Those will go a long way toward mixing up the gameplay on the battlefield, but for me it's more significant that it mixes up the way we view our characters. Your characters have always been the heart of the XCOM experience, and Meld shines another spotlight on them.
In Enemy Unknown, the only real lasting aspect of a character was his/her rank. Once they died, all their equipment magically came home and you could simply gear up the next highest ranking player. You'd take a hit, but in a couple missions you'd be mostly back to full-strength.
The Meld-powered augmentations give more weight and customization to each character. They're more powerful in life, but they're also resource sinks. When they go down, you stand to lose a lot. The entire XCOM project isn't going to be derailed by the loss of a single soldier, but this feels like Firaxis' way of bringing the pain back to character death for experienced Enemy Unknown players who figured out that character death wasn't that big of a deal.
This is a recurring theme in Enemy Within. It's not just about augmentations. Firaxis has also introduced a new “medals” system whereby you earn medals for performing in battle. In classic XCOM fashion, once you've earned them you can rename them to whatever you like (e.g. “Outstanding Achievement in the Field of Badassitude”) and then choose between two buffs that character will get. It's all about making sure your characters have lasting worth and importance.
It feels strange to focus so heavily on these seemingly small tweaks in light of the fact that Enemy Within introduces a new faction into the game, EXALT, a human group that works against the XCOM project and toward its own gains.

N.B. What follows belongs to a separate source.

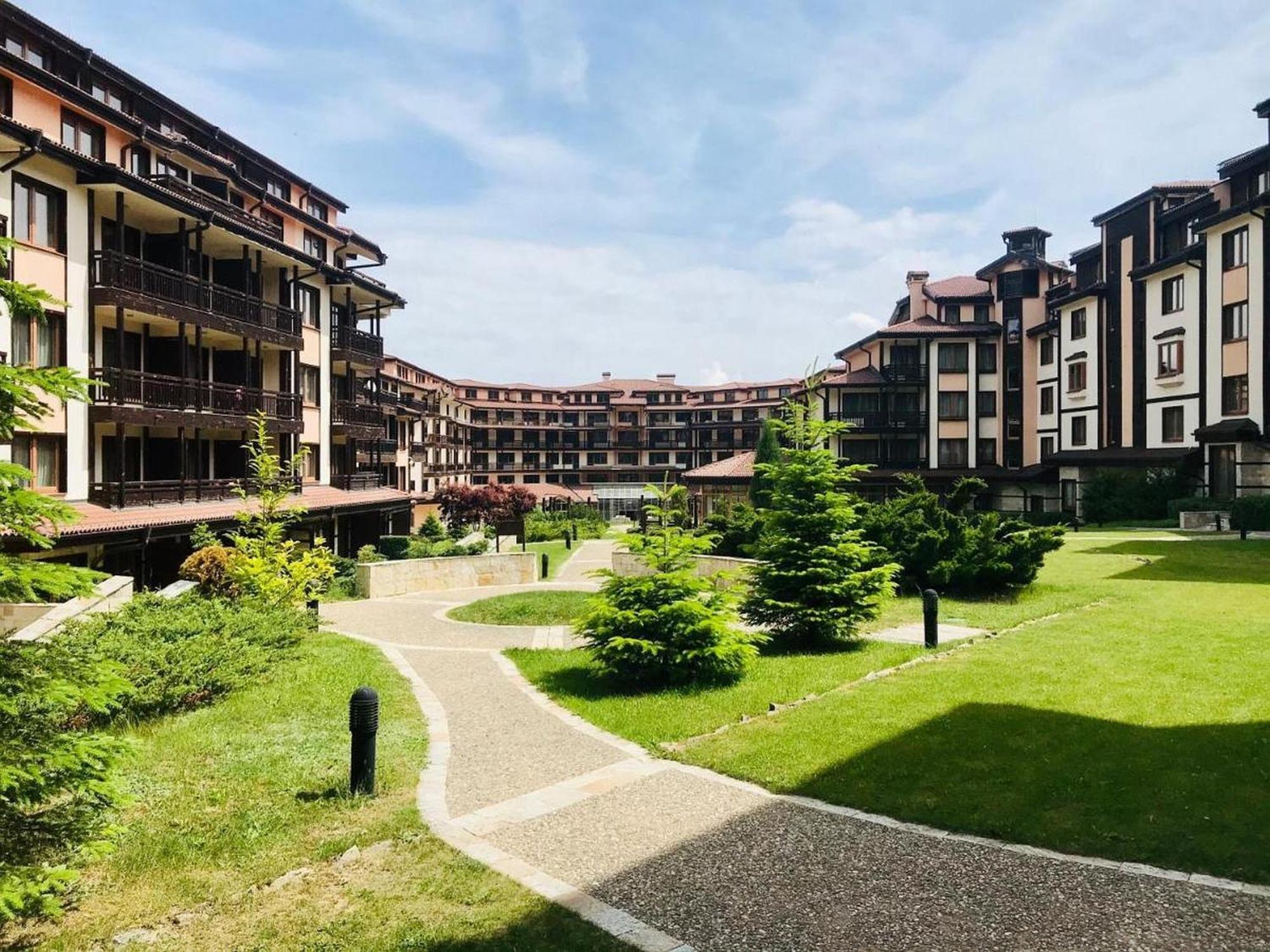 Next To The Ski Lift Downtown Банско Экстерьер фото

Ultimately, this isn't the side of the game I find most interesting though. Introducing a new faction with new mission types is fun and exciting, but it's heavy-handed. It's content creation. On the other hand, letting a small addition (Meld) feed naturally into every corner of the game is a much more elegant and interesting move.
Meld is Firaxis at its best, and I'm looking forward to seeing how this and EXALT affect the later stages of the game when XCOM: Enemy Within releases on November 12, 2013. It will be offered on Steam as a seperate download for $29.99, but will only be released on console as a bundle with XCOM: Enemy Unknown and its DLC for $39.99.